**DATA EXCERPTS:**
---

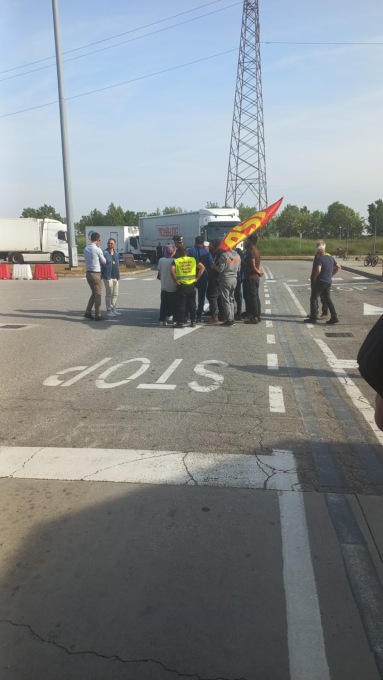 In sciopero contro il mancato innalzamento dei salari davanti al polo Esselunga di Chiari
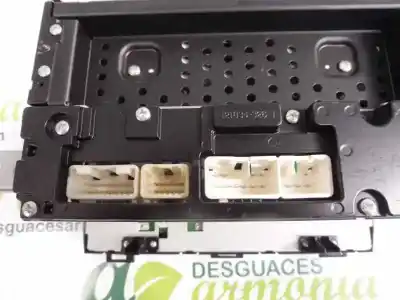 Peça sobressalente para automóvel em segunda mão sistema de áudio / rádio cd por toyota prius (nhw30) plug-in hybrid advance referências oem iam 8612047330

---

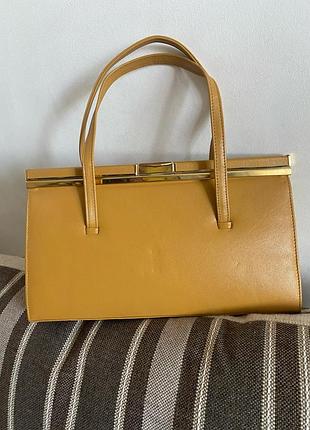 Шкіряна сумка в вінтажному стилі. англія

---

**EXERCISE OBJECTIVE:** Those lines of the records above that run from the one containing "In sciopero contro" through the one containing "Peça sobressalente para" should be returned exactly, with no pictures among them.

**RESPONSE FOR THIS EXERCISE:**
 In sciopero contro il mancato innalzamento dei salari davanti al polo Esselunga di Chiari
 Peça sobressalente para automóvel em segunda mão sistema de áudio / rádio cd por toyota prius (nhw30) plug-in hybrid advance referências oem iam 8612047330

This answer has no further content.